EXTRACTED ENTRIES
==========
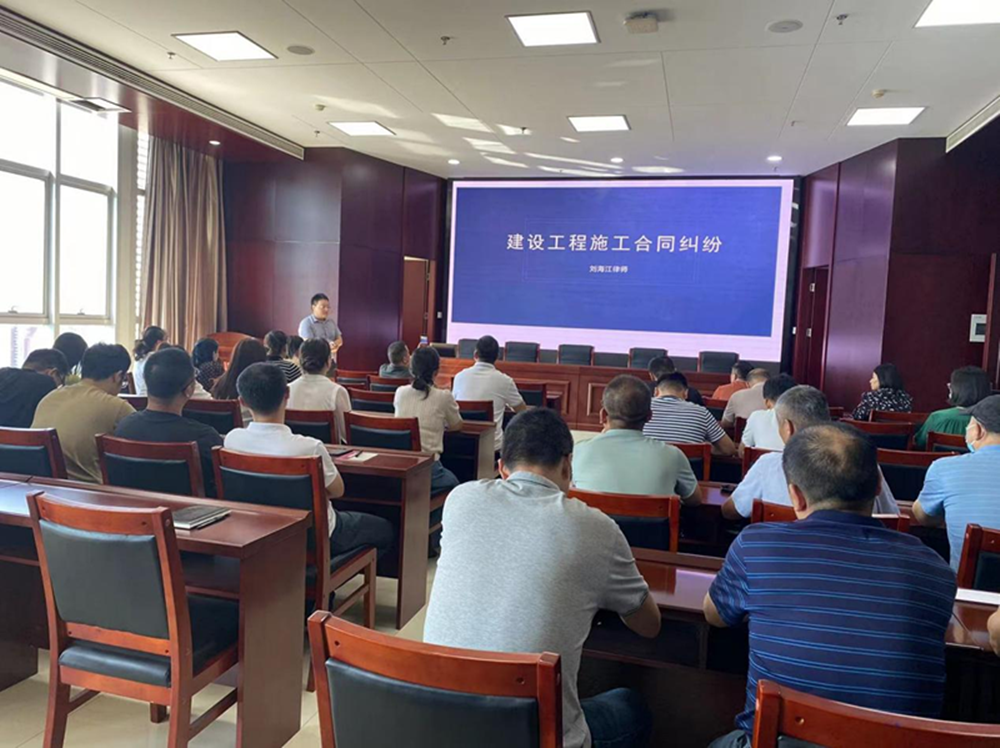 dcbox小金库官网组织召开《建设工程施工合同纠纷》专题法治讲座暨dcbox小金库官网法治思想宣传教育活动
==========
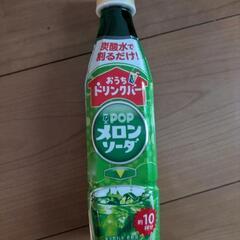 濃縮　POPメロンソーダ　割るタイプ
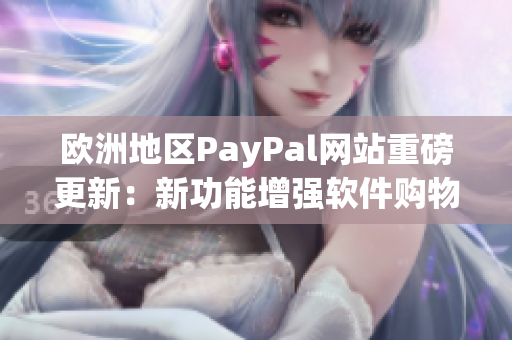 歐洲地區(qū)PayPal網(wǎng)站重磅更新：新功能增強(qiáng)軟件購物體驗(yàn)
==========
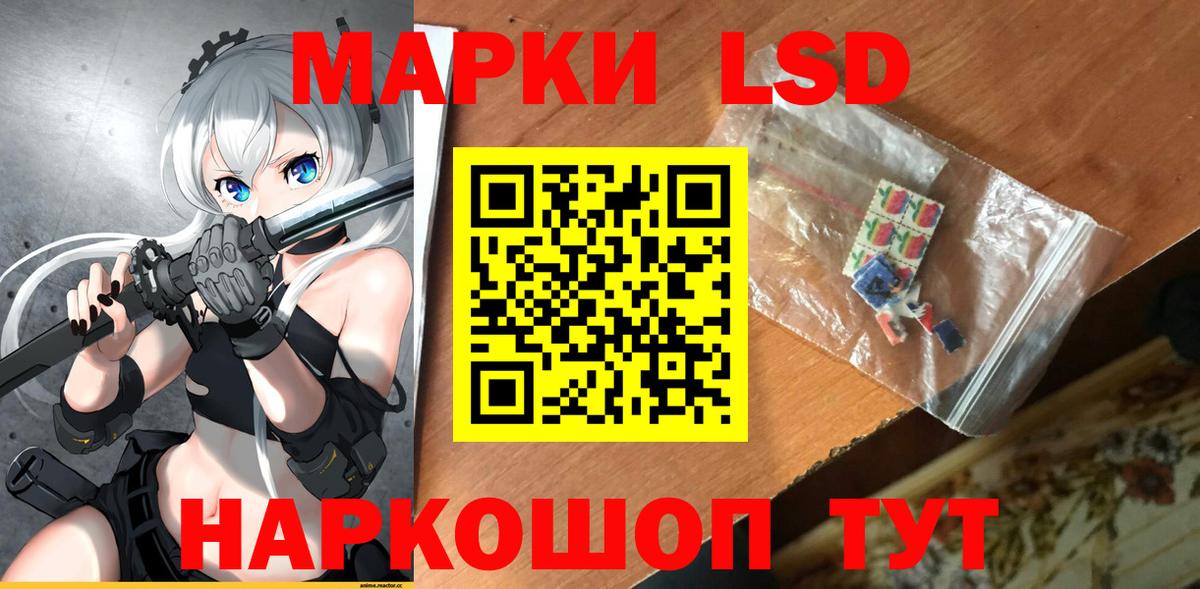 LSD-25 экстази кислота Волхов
==========
PROBLEM DETAILS
Above are records; repeat only the lines from the line with "濃縮　POPメロンソーダ　割るタイプ" through the line with "歐洲地區(qū)PayPal", and leave pictures out.

ANSWER FOR THE TASK
 濃縮　POPメロンソーダ　割るタイプ
 歐洲地區(qū)PayPal網(wǎng)站重磅更新：新功能增強(qiáng)軟件購物體驗(yàn)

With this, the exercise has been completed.